“On whom God’s favor rests!”

Mary Magdala Community

Thoughts on the Feast of the Baptism of Jesus,  January 12, 2020

by Rev. Jim Ryan,  jimryan6885@gmail.com

This feast of the Baptism of Jesus marks the end of the Season of Light (Christmas-Epiphany-Baptism of Jesus) and the liturgical transition to that section of Ordinary Time that concludes with Ash Wednesday and the beginning of Lent.  As the light increases in the time following Winter Solstice and takes hold, then pagan, earth-based religions merge with Christian spirituality to the point that out of Solstice emerges the Beloved One, as the Gospel passage today states, “On whom my favor rests. (Matthew 3:17)

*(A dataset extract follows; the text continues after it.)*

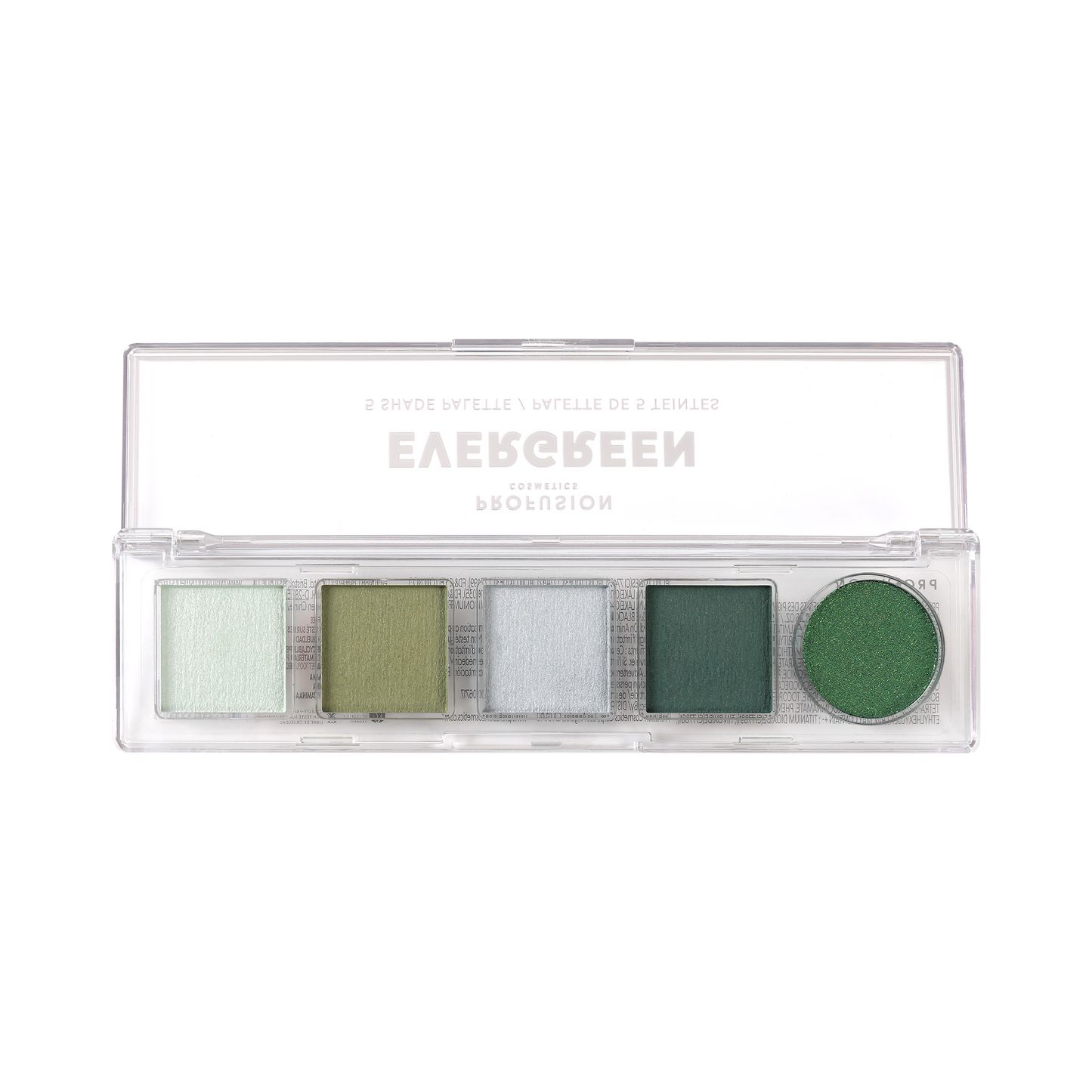 Mini Essentials 5 Shade Palette - Osadia Concept Store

The stories of Jesus’ baptism vary among the 4 Gospels.  Today’s passage from Matthew includes the line where Jesus cover’s John’s reluctance to baptize him by saying he’s undergoing the experience to fulfill the scriptures.  Also, when you read all four Gospel instances of the event it’s not totally clear who hears the voice or has a vision of the Spirit.  Was it only Jesus, or only Jesus and John, or did everyone hear and see?  Hard to say.  Yet a further addition is that Luke is the only one who mentions the baptism that includes both the Holy Spirit and fire.

With all this variation it begs the question, “What’s the point?”  I would like to suggest that the point is Light.  Jesus is Light in a world of darkness.  And, just how terrible is that darkness these days?

We live in a time of darkness, a time of contrasts which unsettles so much of the old familiar ways that used to comfort us when we thought we knew the truth.  This past week gave us one more contrast concerning light and fire.  On the one hand is the light of fire and destruction of drones and missiles in the Middle East which carry out the human capacity for doing evil.  And on the other hand is the light and fire of the Holy Spirit whose sacramental gifts inspire our human capacity for doing good.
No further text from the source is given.